L’avocat du leader syndical, Me Aboubacar Baparapé, a fait son entrée dans les locaux de la brigade vers 16 h, tandis qu’une délégation de syndicalistes, menée par Appolinaire Afféwé (UNSTB) et Moudachirou Bachabi (CGTB), s’est massée aux abords pour témoigner sa solidarité. « Nous sommes venus par esprit de fraternité syndicale », a déclaré un représentant, la voix teintée de détermination. Ce soutien, conjugué à la pression de l’opinion publique, a sans doute pesé dans la balance : en début de soirée, Kassa Mampo et ses compagnons ont recouvré la liberté, après une audition aussi brève qu’énigmatique.
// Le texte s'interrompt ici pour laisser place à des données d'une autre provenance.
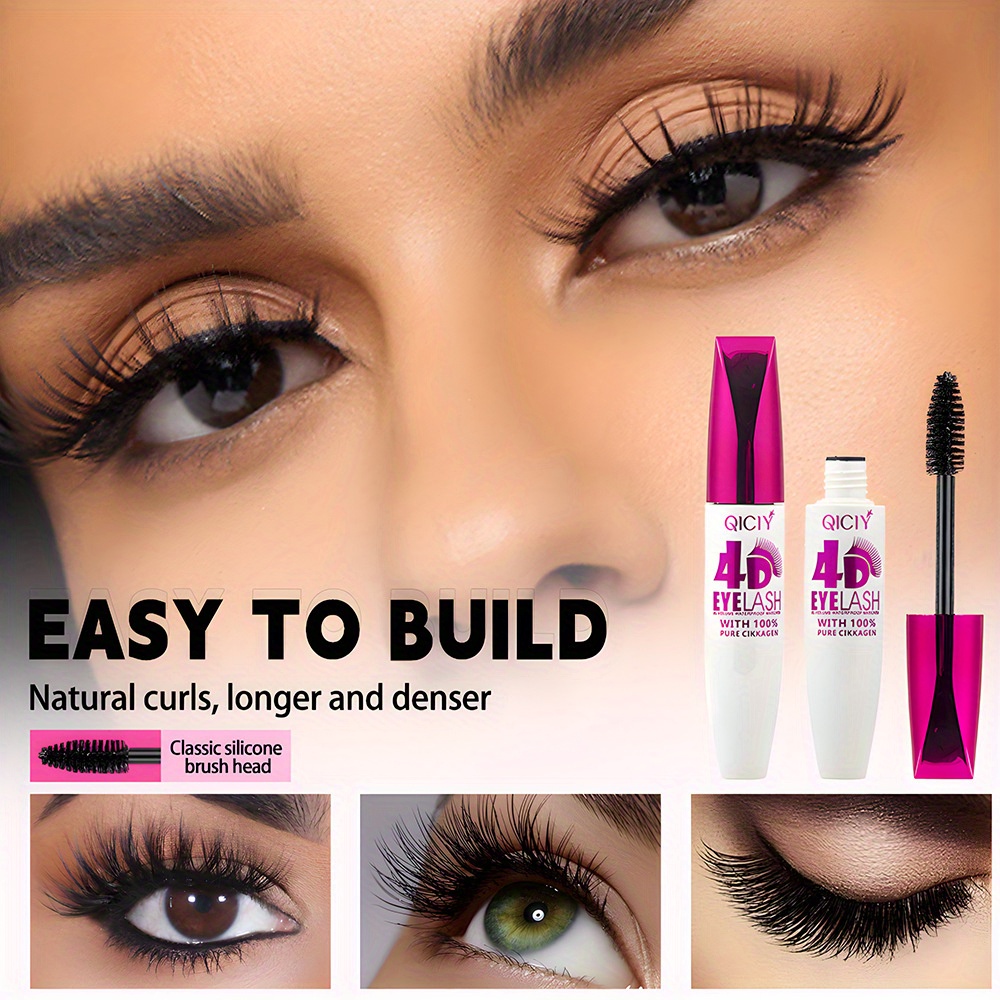 3-pack 4d fiber mascara - waterproof &  , 36h long-lasting curling effect, no clumping &  ,   for parties, weddings, daily use - black, all light beige types, party makeup, sleek  , durable application 0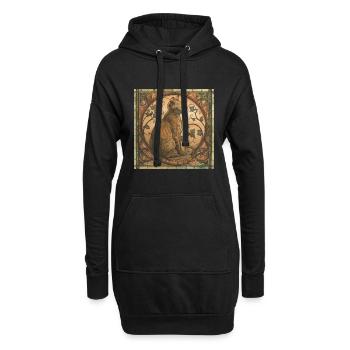 Katze, katzenmotiv, vintage, geschenk - Hoodie-Kleid - Schwarz - Vorne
Liberté syndicale en survie : les plaintes étouffées des travailleurs béninois
Cependant, bien que cette libération soit un soulagement, elle n’efface pas les questions sur la liberté syndicale en sursis. Kassa Mampo, 62 ans, n’est pas un novice dans l’arène des luttes sociales. Né à Natitingou, cet ancien étudiant en philosophie, titulaire d’une maîtrise, a forgé son destin dans la défense des droits des travailleurs. Élu secrétaire général de la CSTB en 2017, il incarne une voix inflexible face aux dérives du pouvoir. Ses multiples arrestations, toujours suivies de libérations sous la pression populaire, en font un symbole de résilience. En 2023, il portait plainte contre le gouvernement auprès de l’Organisation internationale du travail pour « violations des libertés syndicales », un combat qu’il poursuit avec une ténacité rare. Ce 1ᵉʳ mai 2025, son interpellation n’a fait que raviver la flamme de sa détermination.
Cet épisode, s’il s’achève par une libération, n’efface pas les questions qu’il soulève. La marche de la CSTB, prévue dans les 12 départements du Bénin, visait à dénoncer la dégradation des conditions de vie sous le régime de Patrice Talon. Depuis son arrivée au pouvoir en 2016, les syndicats déplorent une restriction croissante des droits, des arrestations arbitraires et une absence de dialogue sur des revendications essentielles, comme l’école gratuite pour tous. L’ancien député Guy Dossou Mitokpè, dans une déclaration cinglante, a dénoncé une « nouvelle atteinte aux libertés syndicales », exigeant des comptes aux autorités.
Le silence de la Police républicaine, qui n’a fourni aucune explication officielle, contraste avec la clameur des réseaux sociaux et des médias locaux. Cependant, certains ont salué la libération des syndicalistes comme une victoire arrachée de haute lutte. Mais cette liberté retrouvée ne masque pas une vérité plus amère : au Bénin, le droit de manifester reste une conquête précaire, surveillée par un pouvoir prompt à brandir la matraque.
Cotonou : entre tension permanente et appel à la justice pour les travailleurs
En somme, hier, Cotonou a vibré d’une énergie contradictoire : celle d’un peuple déterminé à se faire entendre et celle d’un État qui, par la force, cherche à imposer le silence. La libération de Kassa Mampo et de ses camarades, si elle apaise temporairement les tensions, ne résout pas le malaise profond. Les travailleurs, confrontés à la cherté de la vie et à l’érosion de leurs droits, attendent des réponses concrètes. Le gouvernement, qui vantait le même jour ses avancées sociales – 10 247 jeunes recrutés via le Psie, 42 377 accompagnés par Azôli – devra prouver que son discours n’est pas qu’un vernis.
Dans l’ombre de l’Étoile Rouge, un message persiste : la lutte syndicale, malgré les entraves, refuse de plier. Kassa Mampo, libre, mais toujours combatif, l’a rappelé avec force : « Le 1ᵉʳ mai n’est pas une fête, mais un cri pour la justice. » Au Bénin, ce cri résonne encore, en quête d’un écho qui ne soit pas celui des gaz lacrymogènes.